The links between the Labour left and Irish republicanism are worth investigating.

A spat between Jeremy Corbyn’s henchfolk and Conor McGinn, the MP for St Helens North, caught my ear the other evening. McGinn was a guest on BBC Radio 4’s Westminster Hour, and he obligingly revisited the brouhaha for the listeners at home. Apparently, following an interview in May, in which McGinn called for Corbyn to “reach out beyond his comfort zone”, he was first threatened obliquely with the sack, then asked for a retraction (which he refused to give) and finally learned – from someone in the whips’ office – that his party leader was considering phoning up McGinn’s father to whip the errant whipper-in into line. On the programme, McGinn said: “The modus operandi that he [Corbyn] and the people around him were trying to do [sic], involving my family, was to isolate and ostracise me from them and from the community I am very proud to come from – which is an Irish nationalist community in south Armagh.”
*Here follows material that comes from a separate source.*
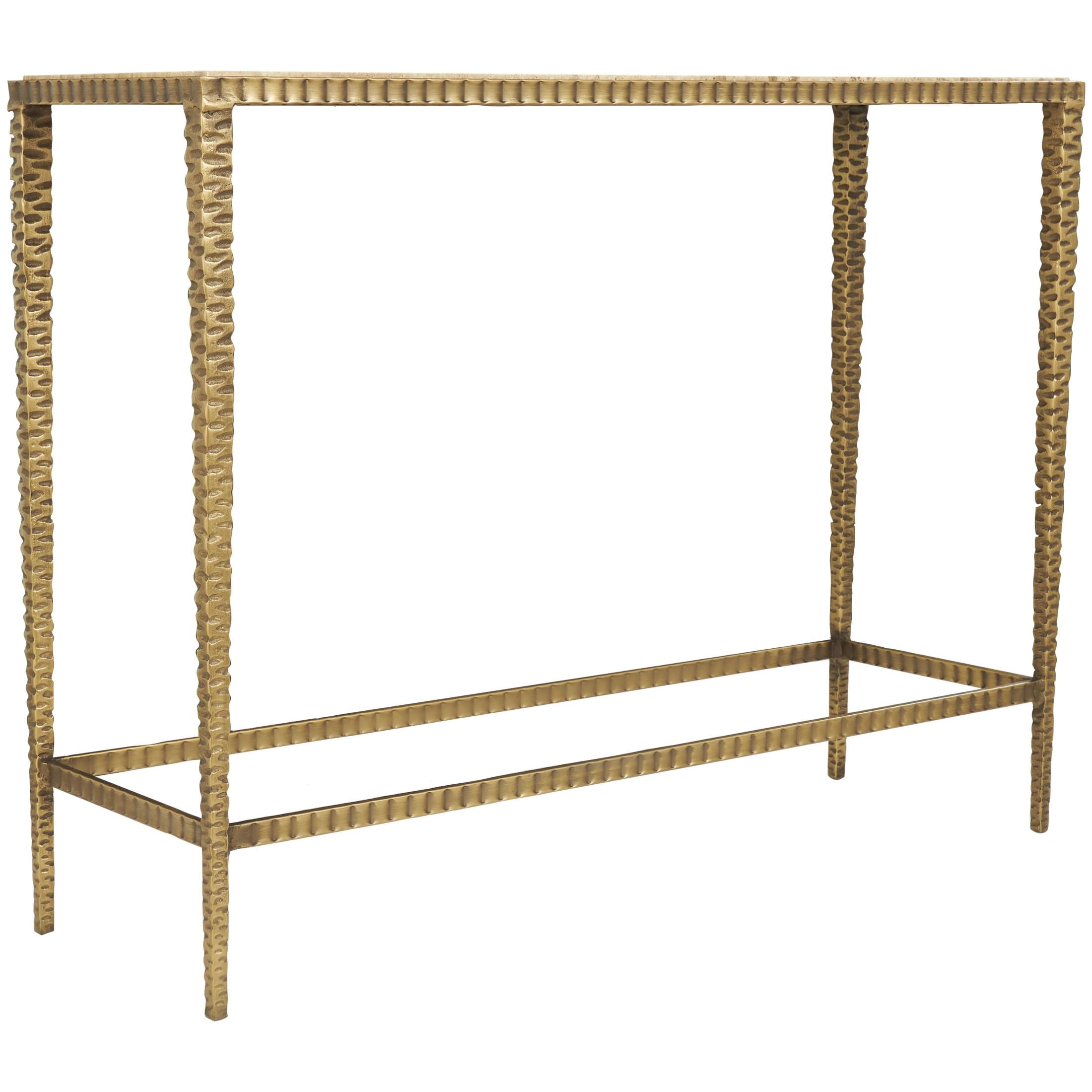 DecMode 37" x 28" Beige Marble Slim Rectangular Console Table with Hammered Gold Metal Legs, 1-Piece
Needless to say, the Labour leader’s office has continued to deny any such thing, but while we may nurture some suspicions about his behaviour, McGinn was also indulging in a little airbrushing when he described south Armagh as an “Irish ­nationalist community”. In the most recent elections, Newry and Armagh returned three Sinn Fein members to the Northern Ireland Assembly (as against one Social Democratic and Labour Party member) and one Sinn Fein MP to Westminster. When I last looked, Sinn Fein was still a republican, rather than a nationalist, party – something that McGinn should only be too well aware of, as the paternal hand that was putatively to have been lain on him belongs to Pat McGinn, the former Sinn Fein mayor of Newry and Armagh.

According to the Irish News, a “close friend” of the McGinns poured this cold water on the mini-conflagration: “Anybody who knows the McGinn family knows that Pat is very proud of Conor and that they remain very close.” The friend went on to opine: “He [Pat McGinn] found the whole notion of Corbyn phoning him totally ridiculous – as if Pat is going to criticise his son to save Jeremy Corbyn’s face. They would laugh about it were it not so sinister.”

“Sinister” does seem the mot juste. McGinn, Jr grew up in Bessbrook during the Troubles. I visited the village in the early 1990s on assignment. The skies were full of the chattering of British army Chinooks, and there were fake road signs in the hedgerows bearing pictograms of rifles and captioned: “Sniper at work”. South Armagh had been known for years as “bandit country”. There were army watchtowers standing sentinel in the dinky, green fields and checkpoints everywhere, manned by some of the thousands of the troops who had been deployed to fight what was, in effect, a low-level counter-insurgency war. Nationalist community, my foot.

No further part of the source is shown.